[Caption-style text data]
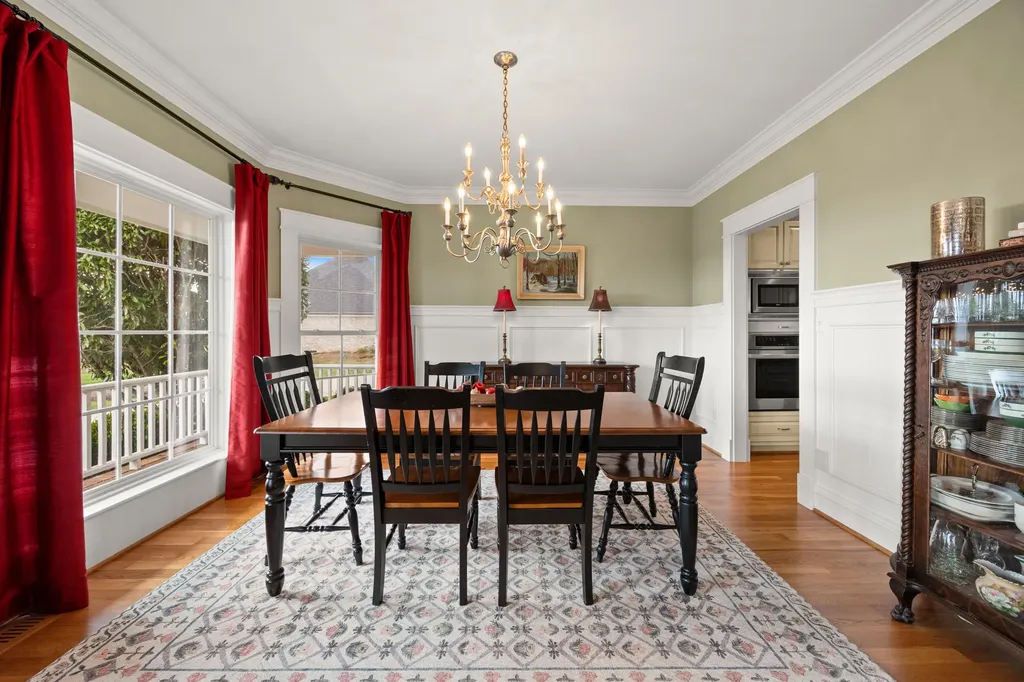 204 Crestridge Trail Nicholasville KY 40356
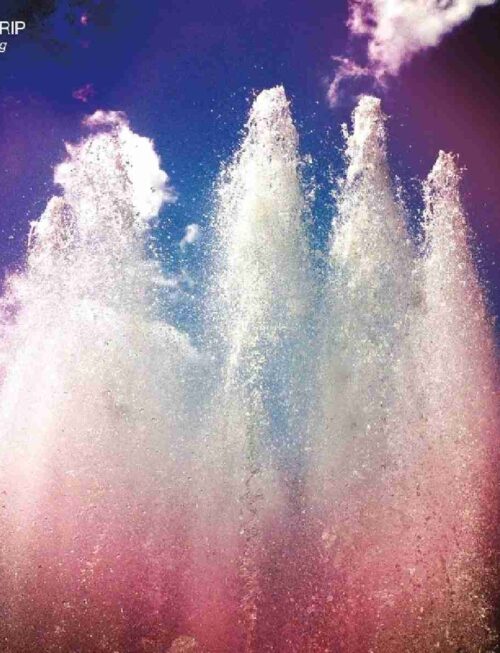 AIRSTRIP - DELETED - DELETED - WILLING Vinyl Record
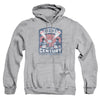 Rocky - Balboa Creed Fight Poster Adult Pullover Hoodie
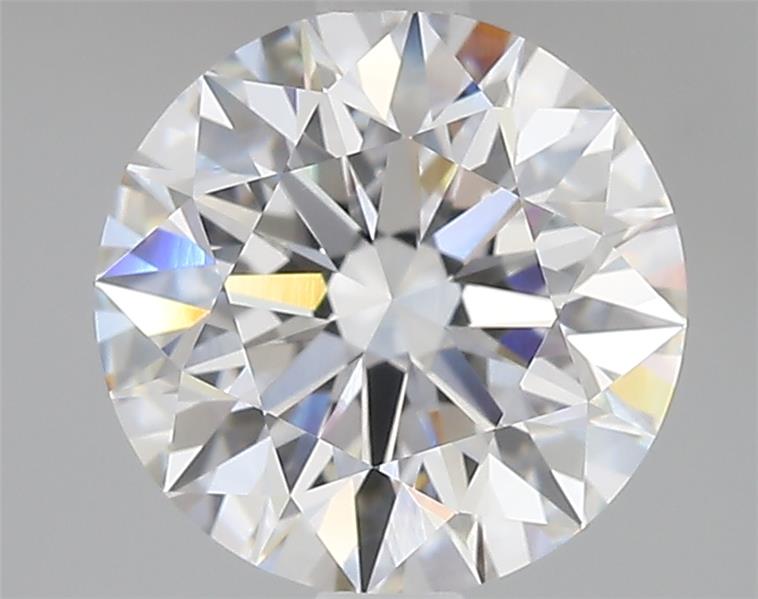 IGI 3.19 Carat Round Brilliant Lab Grown Diamond 人工培育鑽石 實驗室人造鑽石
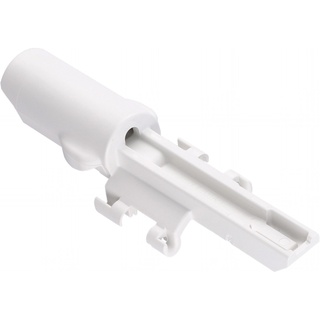Hub, Spring Attachment, Whip, Lower, 533B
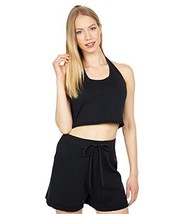 MSRP $59 Sanctuary Essential Halter Black Size XS - $26.73
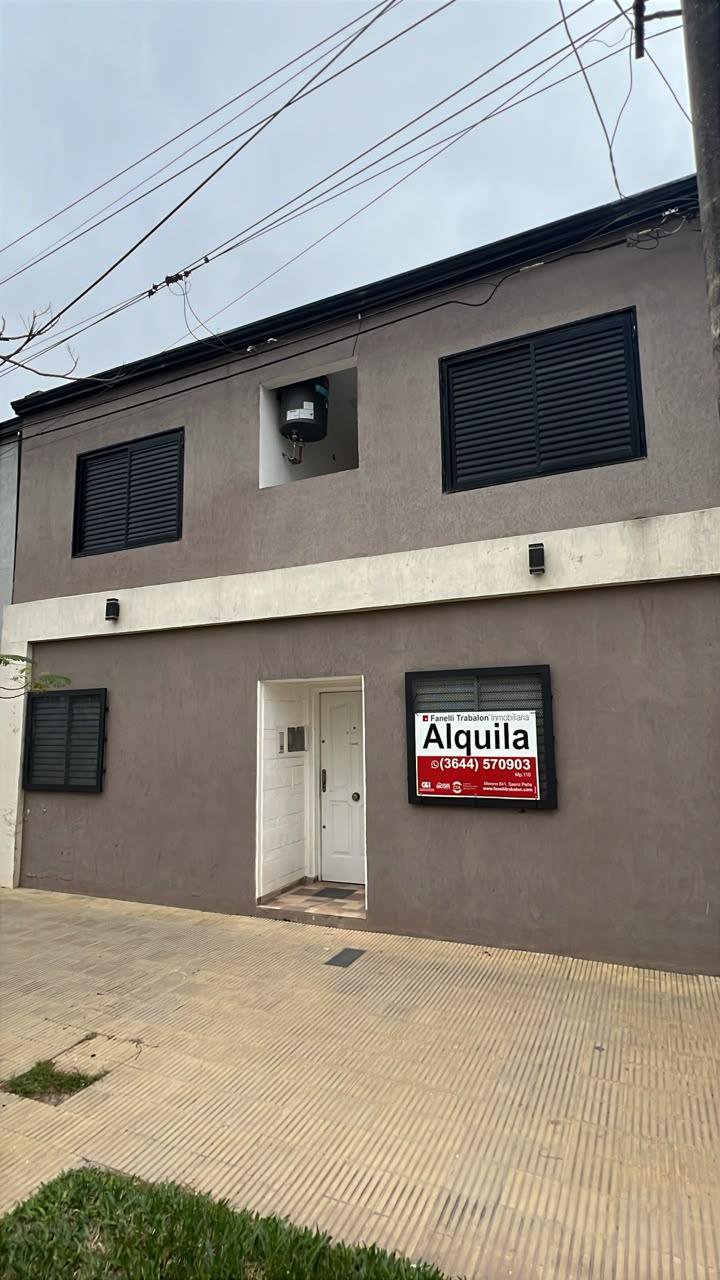 Departamento en Centro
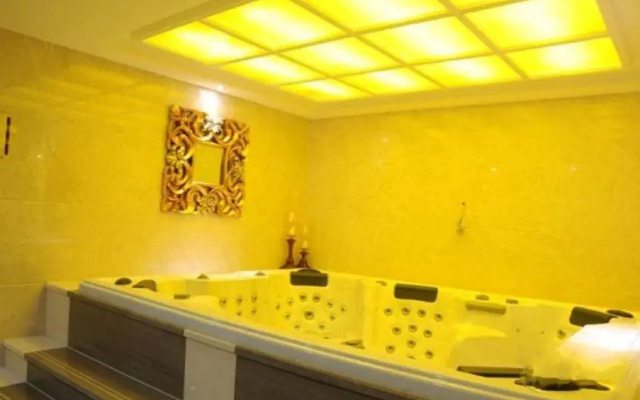Shenshi Business Hotel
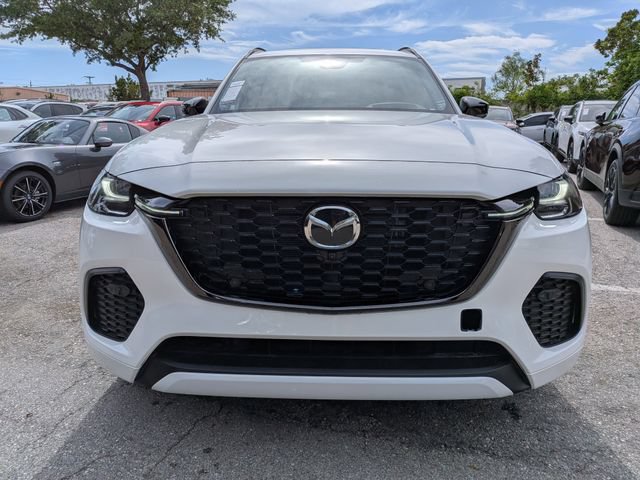 New 2026 MAZDA CX-70 3.3 Turbo S w/ Premium Package AWD/4WD image 3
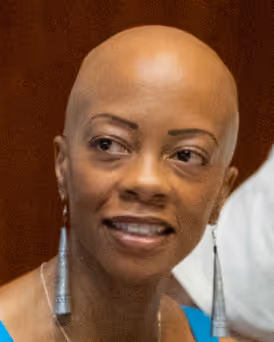 Kimberlee Walker Headshot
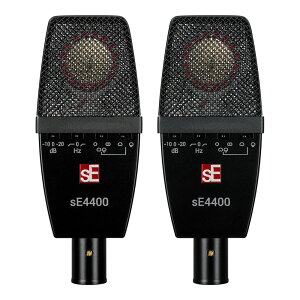 sE Electronics sE4400 Matched Pair
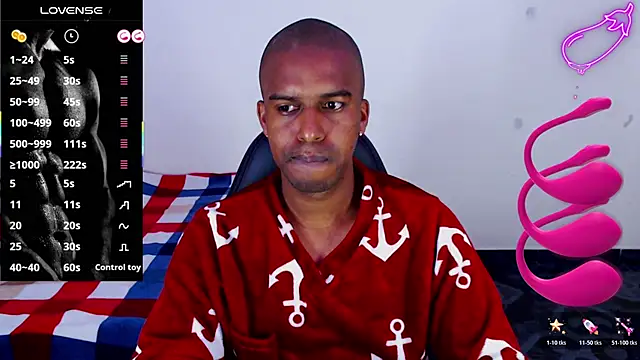 mrjhon26 online show from 04/20/26, 11:46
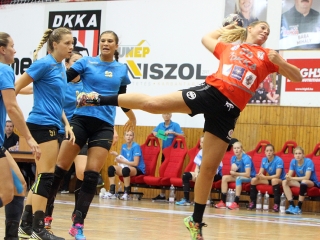 V. Kohász Kupa - Döntő és díjátadó - fotó: Sándor Judit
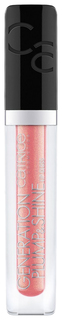 Блеск для губ Catrice Generation Plump & Shine Lip Gloss 060 4,3 мл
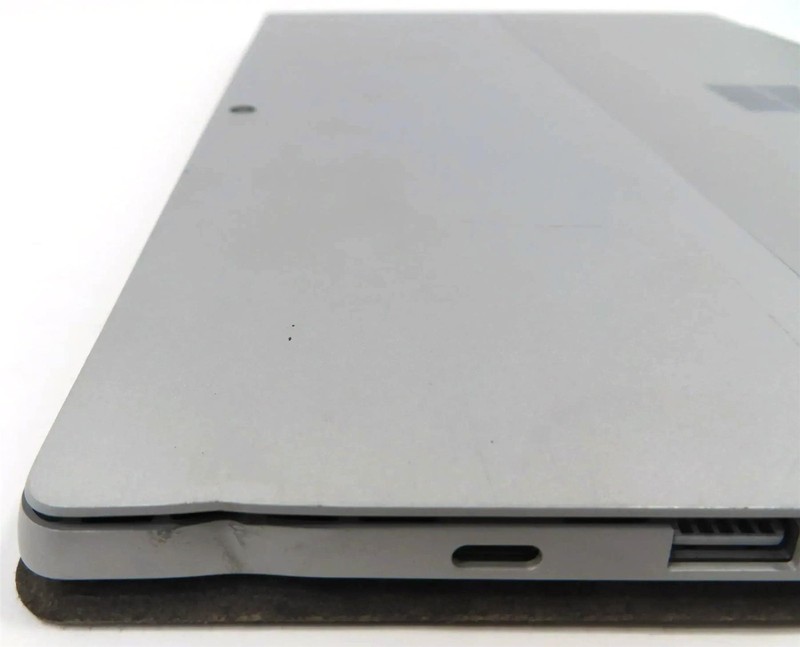 Microsoft Surface Pro 7 1866 Core i7-1065G7 1.30GHz 16GB 512GB Win 11 Pro gallery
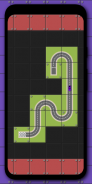 Cars 2 | Game Puzzle Mobil screenshot 3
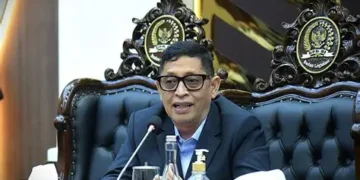 Baleg Bahas UU Tipikor soal Lembaga Berwenang Hitung Kerugian Negara
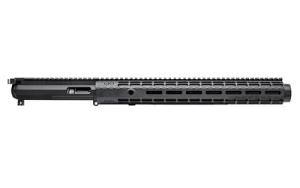 Vanquish-9 Upper Receiver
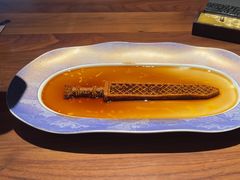 -曾宴·楚菜(湖北省博物馆店)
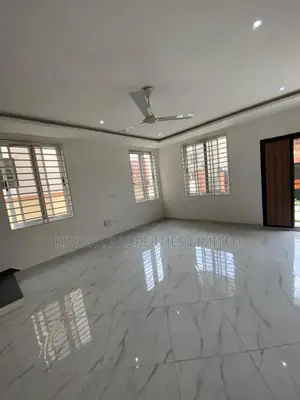 3bdrm Duplex in Achimota, The Mall for rent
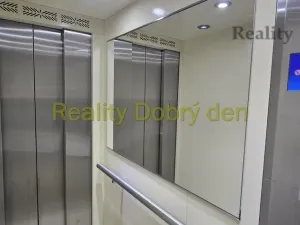 Pronájem bytu 1+kk, Opava, Edvarda Beneše, 22 m2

REQUIRED ACTION
Within the entries above, the lines from the one with "mrjhon26 online show from 04/20/26, 11:46" through the final line are to be printed exactly, with the pictures removed.

RESULT FOR THIS EXERCISE
 mrjhon26 online show from 04/20/26, 11:46
 V. Kohász Kupa - Döntő és díjátadó - fotó: Sándor Judit
 Блеск для губ Catrice Generation Plump & Shine Lip Gloss 060 4,3 мл
 Microsoft Surface Pro 7 1866 Core i7-1065G7 1.30GHz 16GB 512GB Win 11 Pro gallery
 Cars 2 | Game Puzzle Mobil screenshot 3
 Baleg Bahas UU Tipikor soal Lembaga Berwenang Hitung Kerugian Negara
 Vanquish-9 Upper Receiver
 -曾宴·楚菜(湖北省博物馆店)
 3bdrm Duplex in Achimota, The Mall for rent
 Pronájem bytu 1+kk, Opava, Edvarda Beneše, 22 m2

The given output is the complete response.